Après l'IVG : choisir sa contraception

La loi prévoit que lors d'une demande d'IVG, le « médecin délivre à la femme une information complète sur la contraception et les maladies sexuellement transmissibles ». Cette information peut avoir lieu avant l'avortement ou après, lors de la visite de contrôle.

Une étude menée en 2000 par l'INSERM (Institut national d'étude scientifique et médicale) a confirmé que le taux de grossesses non prévues et d'IVG consécutif est stable, malgré une forte prévalence contraceptive. Le faible pourcentage (5 %) de femmes n'utilisant pas de moyen contraceptif montre un bon accès à la contraception, accès qui ne suffit pas cependant à garantir son utilisation.
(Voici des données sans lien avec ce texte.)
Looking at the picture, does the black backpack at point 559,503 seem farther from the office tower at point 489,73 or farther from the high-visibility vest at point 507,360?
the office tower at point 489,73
Voici une liste des différents contraceptifs qui peuvent être proposés :

  • Les contraceptifs oraux combinés et progestatifs purs (la « pilule ») peuvent être commencés trois jours après un avortement réalisé durant le premier trimestre de grossesse.
  • Le patch contraceptif, qui doit être appliqué le jour de la prise du misoprostol.
  • L'anneau vaginal, qui doit être mis en place dès le lendemain de l'IVG.
  • L'implant contraceptif et progestatif est posé lors de la visite de contrôle, soit environ 15 jours après l'IVG.
  • Les dispositifs intra-utérins (stérilets) peuvent être insérés après expulsion du sac gestatif, une fois que l'avortement complet est avéré.
  • Les préservatifs et spermicides peuvent être utilisés dès le retour à la vie sexuelle.
  • Les méthodes dites « naturelles » (température, date) sont à éviter au vu de leur manque de fiabilité.

À noter : en règle générale l'ovulation qui suit une IVG se produit dans les deux semaines suivant l'intervention. La prise d'une méthode contraceptive est donc indispensable si vous ne souhaitez pas tomber enceinte.
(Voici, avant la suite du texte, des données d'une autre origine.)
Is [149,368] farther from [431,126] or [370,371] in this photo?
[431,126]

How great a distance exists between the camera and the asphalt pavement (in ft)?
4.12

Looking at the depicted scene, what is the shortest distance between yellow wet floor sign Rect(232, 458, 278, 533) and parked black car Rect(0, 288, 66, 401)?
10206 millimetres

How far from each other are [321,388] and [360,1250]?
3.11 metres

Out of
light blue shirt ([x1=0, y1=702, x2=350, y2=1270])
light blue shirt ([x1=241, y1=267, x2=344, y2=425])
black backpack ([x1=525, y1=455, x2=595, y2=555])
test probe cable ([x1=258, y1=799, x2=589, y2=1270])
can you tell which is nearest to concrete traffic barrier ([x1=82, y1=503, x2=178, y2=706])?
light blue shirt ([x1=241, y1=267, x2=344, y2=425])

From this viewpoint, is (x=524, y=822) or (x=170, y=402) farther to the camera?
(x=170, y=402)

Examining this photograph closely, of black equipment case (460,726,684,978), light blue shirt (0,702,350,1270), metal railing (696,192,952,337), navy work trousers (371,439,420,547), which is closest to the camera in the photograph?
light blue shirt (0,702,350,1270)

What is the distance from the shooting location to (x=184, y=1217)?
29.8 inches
Aspect psychologique après une IVG

La période qui entoure l'IVG est souvent stressante pour la femme qui a tendance à se sentir soulagée, une fois l'intervention effectuée et réussie.

Même si la notion d'effets secondaires psychologiques est encore discutée, il est possible de ressentir une certaine tristesse après une IVG. Pour limiter cela au maximum, il est important :

  • de bien s'informer ;
  • de prendre sa décision de manière libre et réfléchie ;
  • d'être soutenue pas son entourage ;
  • de s'entourer d'une équipe médicale agréable, à l'écoute et rassurante.